Action item: Transcribe each entry exactly; skip the images.

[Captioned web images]
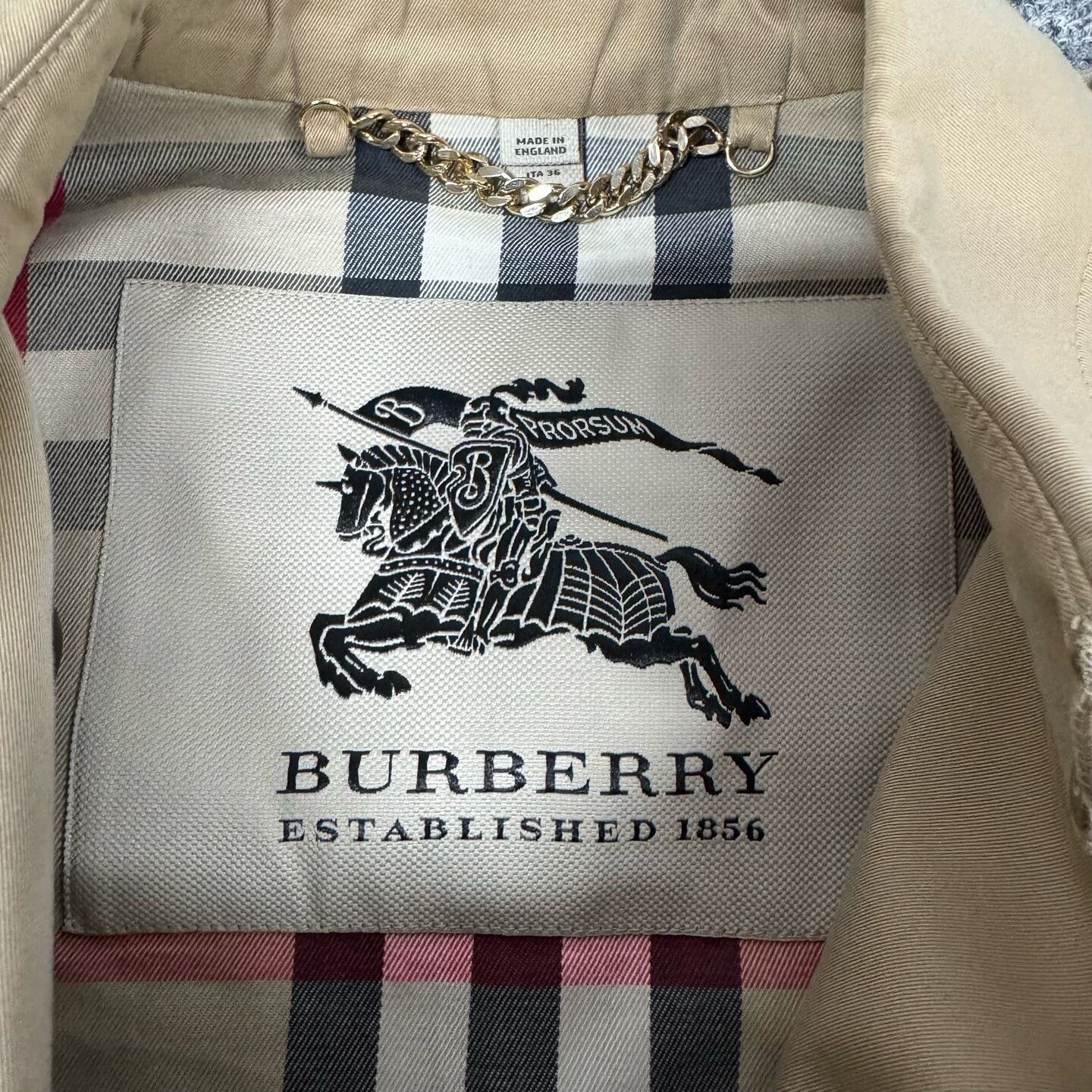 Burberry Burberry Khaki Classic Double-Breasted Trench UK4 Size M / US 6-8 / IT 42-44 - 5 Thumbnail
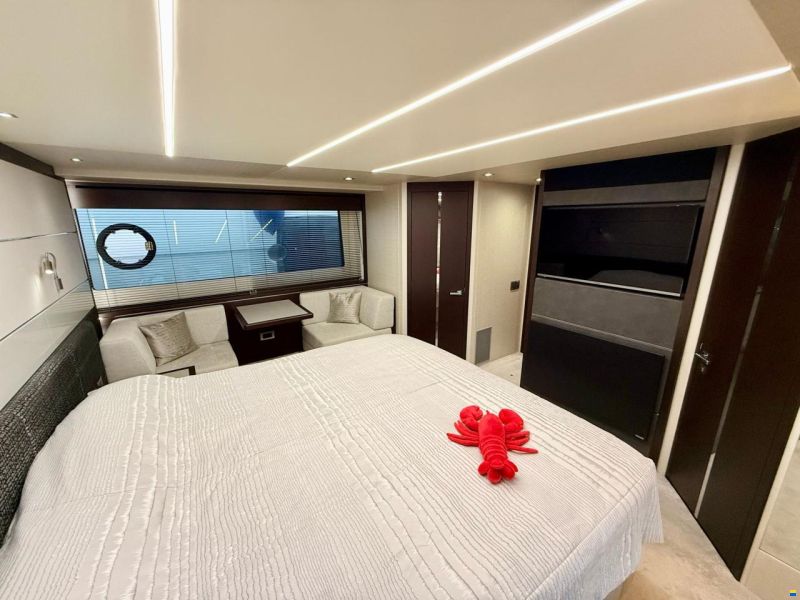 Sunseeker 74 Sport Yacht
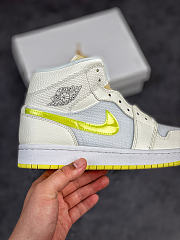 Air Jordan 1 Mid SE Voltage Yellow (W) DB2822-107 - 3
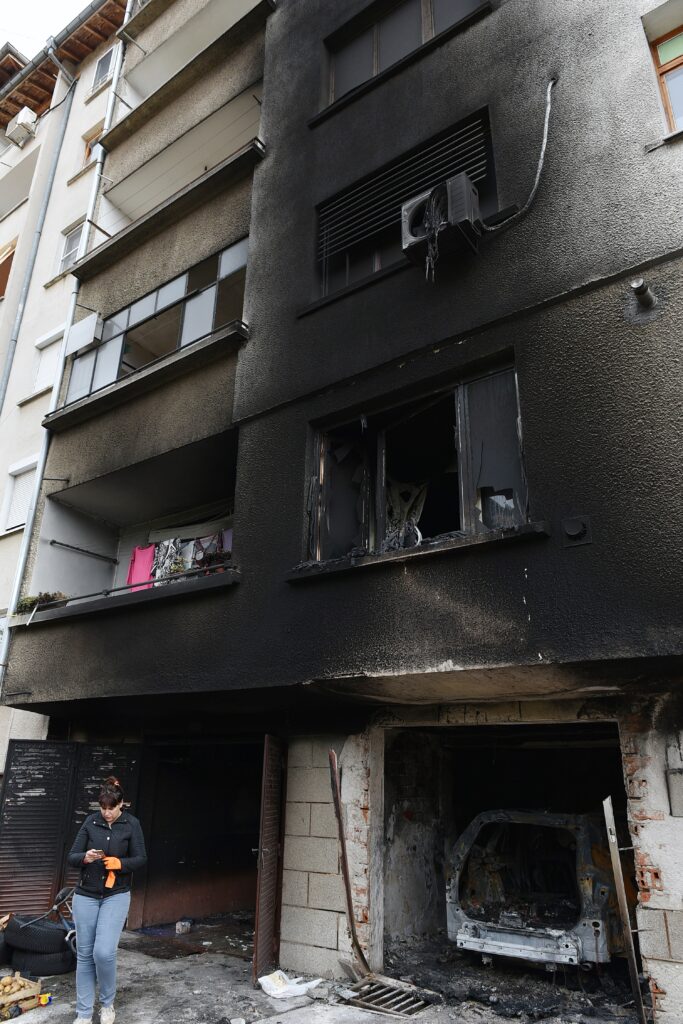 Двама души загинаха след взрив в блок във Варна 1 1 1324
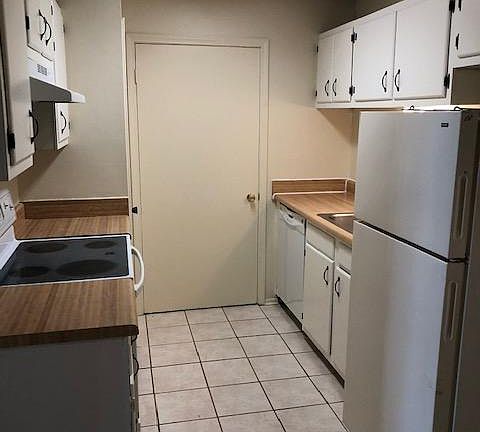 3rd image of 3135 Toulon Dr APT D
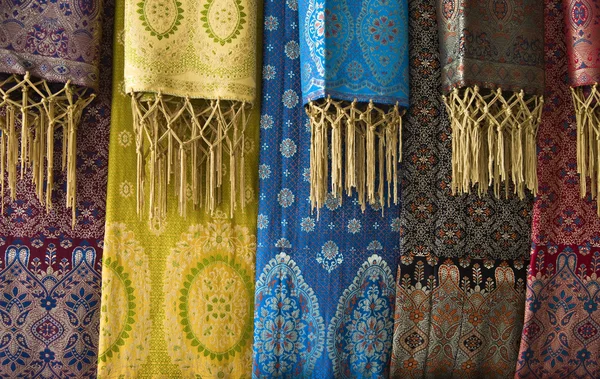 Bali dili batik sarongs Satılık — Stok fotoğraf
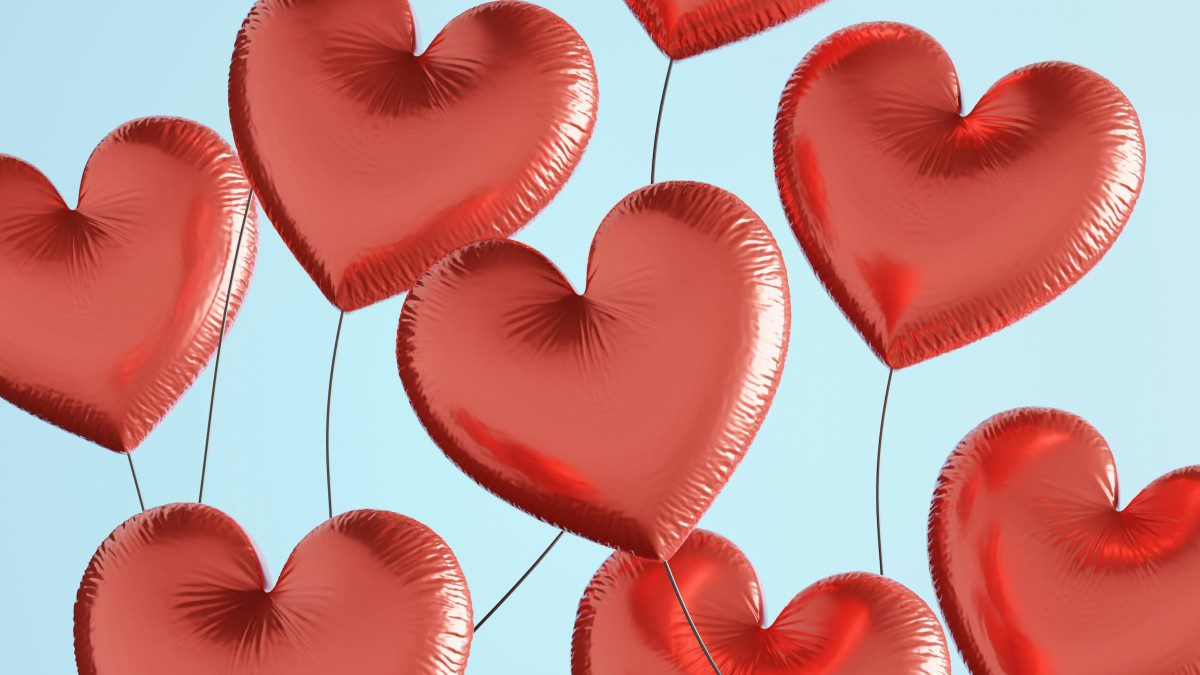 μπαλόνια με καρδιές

Solution to this task:
 Burberry Burberry Khaki Classic Double-Breasted Trench UK4 Size M / US 6-8 / IT 42-44 - 5 Thumbnail
 Sunseeker 74 Sport Yacht
 Air Jordan 1 Mid SE Voltage Yellow (W) DB2822-107 - 3
 Двама души загинаха след взрив в блок във Варна 1 1 1324
 3rd image of 3135 Toulon Dr APT D
 Bali dili batik sarongs Satılık — Stok fotoğraf
 μπαλόνια με καρδιές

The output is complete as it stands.